I offered an alternative that I THOUGHT was obvious. Apparently the INTERNET was a new idea for you.


----------



## Vanilla (Dec 11, 2009)

Can you imagine needing 3 points to hunt for a spike with less than a 15% chance of harvesting?

Goodness some of you must hate hunting!


----------



## cedar (Jul 29, 2013)

Currently we have enough different point systems in utah. leave OTC opportunity for those who did not draw any tag.


----------



## MooseMeat (Dec 27, 2017)

It’s funny to see guys screaming for opportunity hunting, then they get opportunity hunting and start screaming for limited hunting again.

no draw. No points. We have that for everything else and it’s a mess and only going to get worse. Wait your turn in line when the time comes or don’t get a tag. But don’t make your lack of prioritization a problem for everyone else.


----------



## Vanilla (Dec 11, 2009)

One thing has become absolutely clear to me the last few years: whatever the system, people are going to complain. We could completely revamp everything exactly as proposed on this forum and I’d wager those unhappy and complaining now will remain unhappy and complain then too.

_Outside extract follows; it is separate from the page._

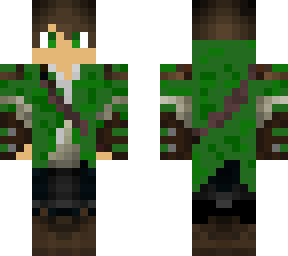 green adventurer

I like hunting. I’ll maximize the opportunities that I have and enjoy the time I get. I’m not interested in making things even harder, personally.


----------



## CPAjeff (Dec 20, 2014)

A wise man once said, "Even in the golden age of time, undoubtedly, someone complained that everything looked too yellow."


----------



## MWScott72 (May 23, 2011)

Couldn't have said it better Moose - if it is important to you to hunt, you will find a way to do it. I don't buy the "I have no internet access" excuse. If u are out of state, that might be your best bet. For those of us in state, standing in line is a valid option.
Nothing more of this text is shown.